ECG Changes in Potassium Imbalance (Normokalemia, Hypokalemia, Hyperkalemia)
Potassium plays a central role in cardiac electrophysiology. Even small deviations from normal serum potassium levels can produce characteristic and sometimes life-threatening ECG changes. Understanding these patterns helps clinicians detect electrolyte disturbances early, often before laboratory confirmation.
This post explains ECG findings in normokalemia, hypokalemia, and hyperkalemia in a simple, clinically relevant, and bedside-oriented manner.
Normokalemia: The Reference ECG
A normal potassium level produces a balanced and stable cardiac electrical pattern.
Key ECG features: Normal P wave with normal amplitude and duration
Normal PR interval
Narrow QRS complex
Rounded, normal-sized T wave
U wave may be absent or very shallow if present
Clinical relevance: This ECG serves as the baseline for comparison. Any deviation from this pattern should raise suspicion of electrolyte or metabolic abnormalities.

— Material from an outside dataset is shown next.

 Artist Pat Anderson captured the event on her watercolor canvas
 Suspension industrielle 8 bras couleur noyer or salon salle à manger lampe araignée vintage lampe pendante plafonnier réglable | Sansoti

Hypokalemia: Subtle but Dangerous
Hypokalemia affects myocardial repolarization and increases the risk of atrial and ventricular arrhythmias. ECG changes may appear even before symptoms develop.
Early ECG changes: Slight prolongation of PR interval
Flattening or slight peaking of P waves
ST segment depression
Flattened or shallow T waves
Classic ECG feature: Prominent U waves, best seen in precordial leads, especially V2–V4
Advanced hypokalemia: Apparent QT prolongation (actually due to T–U wave fusion)
Increased risk of atrial tachyarrhythmias, ventricular ectopy, torsades de pointes
Clinical pearl: A prominent U wave with ST depression should immediately prompt evaluation of serum potassium, especially in patients on diuretics.
Hyperkalemia: A True ECG Emergency
Hyperkalemia progressively slows conduction and can rapidly lead to fatal arrhythmias. ECG changes usually correlate with severity but may occasionally be absent despite high potassium levels.
Early ECG changes: Tall, peaked, tented T waves
Shortened QT interval
Progressive changes: Flattening and widening of P waves
Prolonged PR interval
Decreased R wave amplitude
Widened QRS complex
Severe hyperkalemia: Disappearance of P waves
Sine-wave pattern
Ventricular fibrillation or asystole
Clinical pearl: Tall peaked T waves with a widening QRS should be treated as hyperkalemia until proven otherwise, even before lab results return.
Why These ECG Changes Matter
Potassium disturbances are common in clinical practice, particularly in: Chronic kidney disease
Heart failure
Diuretic use
ACE inhibitors, ARBs, and potassium-sparing drugs
Diabetic ketoacidosis
Recognizing ECG changes allows rapid intervention, which can be life-saving.
Quick Comparison Summary
Normokalemia: Normal P, PR, QRS, and T wave
Hypokalemia: ST depression
Flat T waves
Prominent U waves
Apparent QT prolongation
Hyperkalemia: Tall peaked T waves
Widened QRS
Flattened or absent P waves
Risk of sine-wave arrest
Take-Home Message
The ECG is a powerful bedside tool for detecting potassium imbalance. Hypokalemia primarily affects repolarization and increases arrhythmia risk, while hyperkalemia slows conduction and can quickly become fatal. Always correlate ECG findings with clinical context and act promptly.